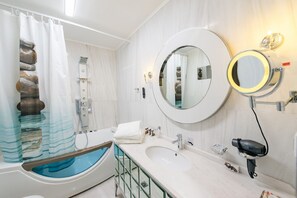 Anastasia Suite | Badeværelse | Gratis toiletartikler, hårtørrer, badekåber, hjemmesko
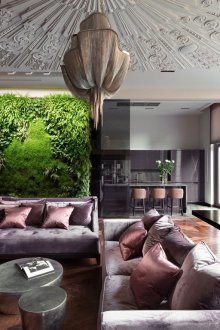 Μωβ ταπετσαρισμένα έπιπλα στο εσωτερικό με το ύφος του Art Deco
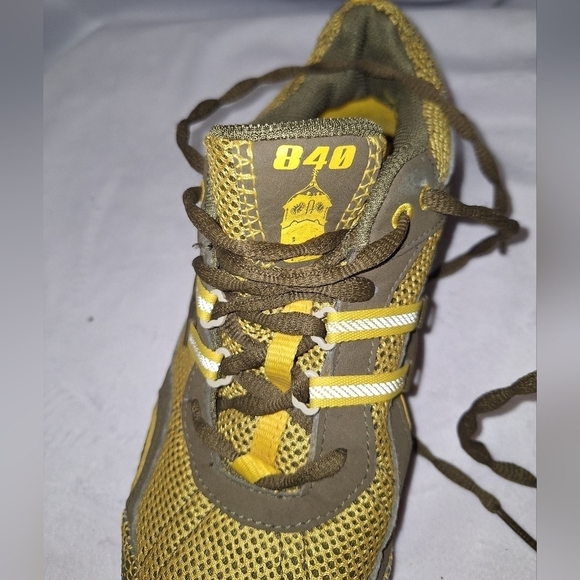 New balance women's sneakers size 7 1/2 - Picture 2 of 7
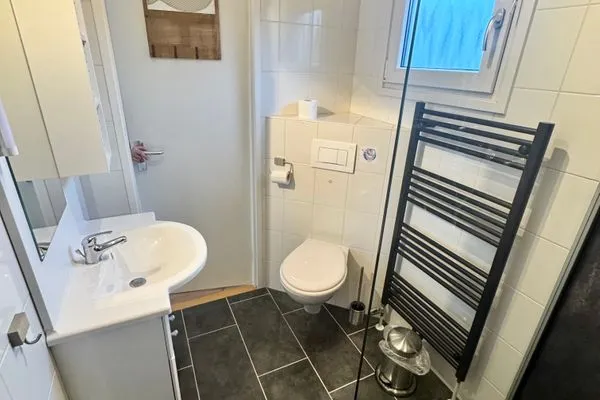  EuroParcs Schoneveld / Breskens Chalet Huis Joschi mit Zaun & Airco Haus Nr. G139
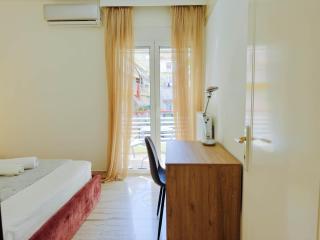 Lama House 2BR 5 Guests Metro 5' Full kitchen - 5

---

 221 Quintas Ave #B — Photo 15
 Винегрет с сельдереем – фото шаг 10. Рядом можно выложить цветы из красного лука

--

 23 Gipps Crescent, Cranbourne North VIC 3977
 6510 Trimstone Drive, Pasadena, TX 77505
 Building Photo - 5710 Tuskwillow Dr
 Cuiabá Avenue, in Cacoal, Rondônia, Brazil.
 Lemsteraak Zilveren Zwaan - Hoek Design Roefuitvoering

#### ASSIGNMENT:
Above are records; repeat only the lines from the line with "Anastasia Suite |" through the line with "Lama House 2BR", and leave pictures out.

#### ANSWER TO THE EXERCISE:
 Anastasia Suite | Badeværelse | Gratis toiletartikler, hårtørrer, badekåber, hjemmesko
 Μωβ ταπετσαρισμένα έπιπλα στο εσωτερικό με το ύφος του Art Deco
 New balance women's sneakers size 7 1/2 - Picture 2 of 7
  EuroParcs Schoneveld / Breskens Chalet Huis Joschi mit Zaun & Airco Haus Nr. G139
 Lama House 2BR 5 Guests Metro 5' Full kitchen - 5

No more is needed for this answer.